AIM OF THE EXERCISE » Take the entries below and print only the lines from the one with "Webinar internacional de" through the one with "Delicious fresh bok", exactly as they stand, both ends included.
☆ ☆ ☆ ☆
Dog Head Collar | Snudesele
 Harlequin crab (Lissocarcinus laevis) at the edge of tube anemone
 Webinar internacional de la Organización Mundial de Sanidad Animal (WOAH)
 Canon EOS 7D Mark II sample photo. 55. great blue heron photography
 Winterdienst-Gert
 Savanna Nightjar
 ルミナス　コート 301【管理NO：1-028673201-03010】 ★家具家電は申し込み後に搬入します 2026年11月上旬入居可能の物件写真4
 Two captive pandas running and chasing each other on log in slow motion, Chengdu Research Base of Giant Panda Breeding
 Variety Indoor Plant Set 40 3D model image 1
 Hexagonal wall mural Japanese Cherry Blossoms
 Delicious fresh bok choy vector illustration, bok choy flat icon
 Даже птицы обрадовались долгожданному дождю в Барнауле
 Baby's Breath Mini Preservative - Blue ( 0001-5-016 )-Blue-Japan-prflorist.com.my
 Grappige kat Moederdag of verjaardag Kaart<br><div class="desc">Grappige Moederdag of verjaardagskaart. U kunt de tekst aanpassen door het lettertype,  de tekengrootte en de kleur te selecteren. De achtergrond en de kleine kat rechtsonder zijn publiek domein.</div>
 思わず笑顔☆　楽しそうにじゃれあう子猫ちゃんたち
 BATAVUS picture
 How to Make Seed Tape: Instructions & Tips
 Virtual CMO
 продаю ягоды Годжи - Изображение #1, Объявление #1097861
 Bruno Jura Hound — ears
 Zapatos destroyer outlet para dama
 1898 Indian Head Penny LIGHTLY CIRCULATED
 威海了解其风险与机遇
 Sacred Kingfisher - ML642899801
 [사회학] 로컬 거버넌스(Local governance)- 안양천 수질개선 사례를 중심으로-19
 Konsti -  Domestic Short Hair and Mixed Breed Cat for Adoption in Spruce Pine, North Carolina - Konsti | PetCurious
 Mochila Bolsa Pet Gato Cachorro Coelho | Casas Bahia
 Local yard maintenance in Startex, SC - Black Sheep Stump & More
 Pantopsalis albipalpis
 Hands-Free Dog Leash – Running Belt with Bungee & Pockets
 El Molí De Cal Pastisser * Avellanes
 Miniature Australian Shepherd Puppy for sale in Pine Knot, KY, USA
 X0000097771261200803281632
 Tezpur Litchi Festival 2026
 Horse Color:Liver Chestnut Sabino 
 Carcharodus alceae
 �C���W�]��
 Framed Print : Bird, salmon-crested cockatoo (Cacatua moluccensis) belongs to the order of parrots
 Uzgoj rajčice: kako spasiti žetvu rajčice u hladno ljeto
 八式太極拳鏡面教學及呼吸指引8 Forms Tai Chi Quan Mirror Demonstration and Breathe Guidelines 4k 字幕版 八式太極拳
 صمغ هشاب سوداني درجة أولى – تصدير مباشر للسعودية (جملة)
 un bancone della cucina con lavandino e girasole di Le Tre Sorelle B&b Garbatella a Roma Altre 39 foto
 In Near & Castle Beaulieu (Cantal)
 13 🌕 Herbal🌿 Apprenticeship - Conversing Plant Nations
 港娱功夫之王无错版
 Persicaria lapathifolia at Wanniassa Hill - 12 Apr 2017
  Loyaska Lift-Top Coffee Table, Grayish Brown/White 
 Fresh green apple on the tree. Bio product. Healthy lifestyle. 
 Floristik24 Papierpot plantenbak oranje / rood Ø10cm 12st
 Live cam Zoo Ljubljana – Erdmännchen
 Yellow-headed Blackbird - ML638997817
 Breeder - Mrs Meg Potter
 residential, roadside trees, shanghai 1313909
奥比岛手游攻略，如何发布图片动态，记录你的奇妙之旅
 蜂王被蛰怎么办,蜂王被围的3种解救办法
☆ ☆ ☆ ☆
SOLUTION TO THE EXERCISE »
 Webinar internacional de la Organización Mundial de Sanidad Animal (WOAH)
 Canon EOS 7D Mark II sample photo. 55. great blue heron photography
 Winterdienst-Gert
 Savanna Nightjar
 ルミナス　コート 301【管理NO：1-028673201-03010】 ★家具家電は申し込み後に搬入します 2026年11月上旬入居可能の物件写真4
 Two captive pandas running and chasing each other on log in slow motion, Chengdu Research Base of Giant Panda Breeding
 Variety Indoor Plant Set 40 3D model image 1
 Hexagonal wall mural Japanese Cherry Blossoms
 Delicious fresh bok choy vector illustration, bok choy flat icon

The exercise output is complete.